About the implementation

Coupling and cohesion

Software systems are composed of functionalities that are located in different self-contained units such as modules, packages or components, depending on the abstraction level. In this respect, a differentiation is made between coupling and cohesion. In the case of dependencies across functional units, the term coupling is used. For dependencies within a unit, it is called cohesion. Therefore it applies that each software system should aim for an architecture with a low degree of coupling and a high degree of cohesion. In other words, the functionalities that belong together are grouped together in an abstraction unit and have clear interfaces. The visualizations below illustrate a bad example in a.) and a good interplay of coupling and cohesion in b.).

a.)

b.)

Graph-based clustering

Software architectures can be represented as a weighted, undirected graph based on artefacts such as the source code and the versioning system backing it. The graph vertices represent atomar functional units. The weight of edges express the degree of coupling between these units. Part left graph below illustrates a monolithic system with vertices V_1 to V_11 and edges e_1 to e_13. The graph can be composed of different coupling strategies. The weights w(e_1) to w(e_13) therefore indicate the degree of coupling between atomar units. The coupling strategy defines the method by which the weight of the edges is calculated. Methods described by Genc Mazlami, Jürgen Cito and Philipp Leitner are logical coupling, semantic coupling and contributor coupling. A combination of several coupling strategies with the same or different weighting factors is also possible.

graph based clustering

Now that a graph (left side) has been built from existing artifacts, the decomposition into services can be performed. Decomposition in terms of a graph implies the deletion of edges. To ensure, that each deletion causes a partition, only those edges which are included in the minimum spanning tree are considered. The idea is to keep those atomar units in the same service (cluster) which have the highest coupling (weight). The right part in the visualization above shows how the output of the clustering algorithm can look like.

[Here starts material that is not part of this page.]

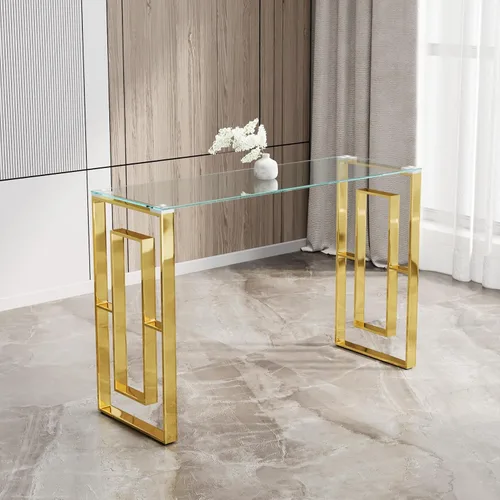 Vista 13 de SSLine Mesa consola moderna de lujo, mesa rectangular de cristal para entrada de pasillo, sala de estar, almacenamiento de 2 niveles, diseño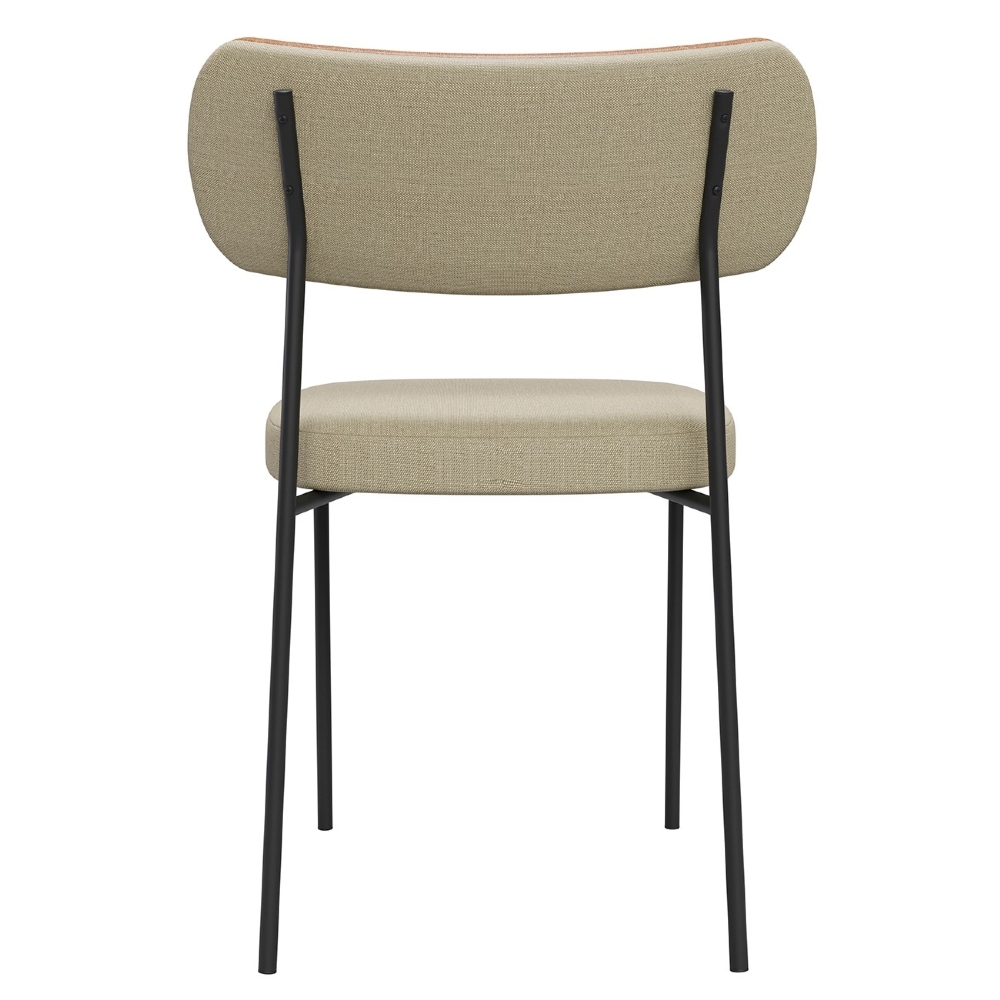 Cadeira de Jantar Estofada Kit 8 Milli A14 Linho Caramelo/Areia - Mpozenato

Reference: https://ieeexplore.ieee.org/abstract/document/8029803

API

The application exposes three resources:

How to start

As data persistence, a postgres database is used. To get started, you have to execute the following command:

docker run \
    --name graph-based-decomposition-db \
    -e POSTGRES_PASSWORD=<insert password> \
    -e POSTGRES_USER=<insert user> \
    -p 5432:5432 \
    -d postgres:latest

After starting the project as spring boot application the Swagger documentation can be found here.

Visualization

The functionality provided via the REST API was used to implement a web application. The frontend project wasa developed to provide a better usability for decomposing and analyzing results.